**** Material provided ****

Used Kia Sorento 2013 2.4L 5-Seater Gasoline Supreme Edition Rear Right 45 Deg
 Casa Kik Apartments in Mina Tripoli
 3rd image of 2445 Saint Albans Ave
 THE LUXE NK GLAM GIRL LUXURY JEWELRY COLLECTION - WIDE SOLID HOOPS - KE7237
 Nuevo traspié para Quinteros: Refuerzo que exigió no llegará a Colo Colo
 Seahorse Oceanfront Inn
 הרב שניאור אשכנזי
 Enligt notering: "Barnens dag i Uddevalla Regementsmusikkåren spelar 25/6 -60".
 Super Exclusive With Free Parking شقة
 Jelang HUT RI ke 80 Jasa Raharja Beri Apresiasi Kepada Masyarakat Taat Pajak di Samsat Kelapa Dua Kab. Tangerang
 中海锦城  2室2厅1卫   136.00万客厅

****

Copy the data above exactly. Every line must be included.

Used Kia Sorento 2013 2.4L 5-Seater Gasoline Supreme Edition Rear Right 45 Deg
 Casa Kik Apartments in Mina Tripoli
 3rd image of 2445 Saint Albans Ave
 THE LUXE NK GLAM GIRL LUXURY JEWELRY COLLECTION - WIDE SOLID HOOPS - KE7237
 Nuevo traspié para Quinteros: Refuerzo que exigió no llegará a Colo Colo
 Seahorse Oceanfront Inn
 הרב שניאור אשכנזי
 Enligt notering: "Barnens dag i Uddevalla Regementsmusikkåren spelar 25/6 -60".
 Super Exclusive With Free Parking شقة
 Jelang HUT RI ke 80 Jasa Raharja Beri Apresiasi Kepada Masyarakat Taat Pajak di Samsat Kelapa Dua Kab. Tangerang
 中海锦城  2室2厅1卫   136.00万客厅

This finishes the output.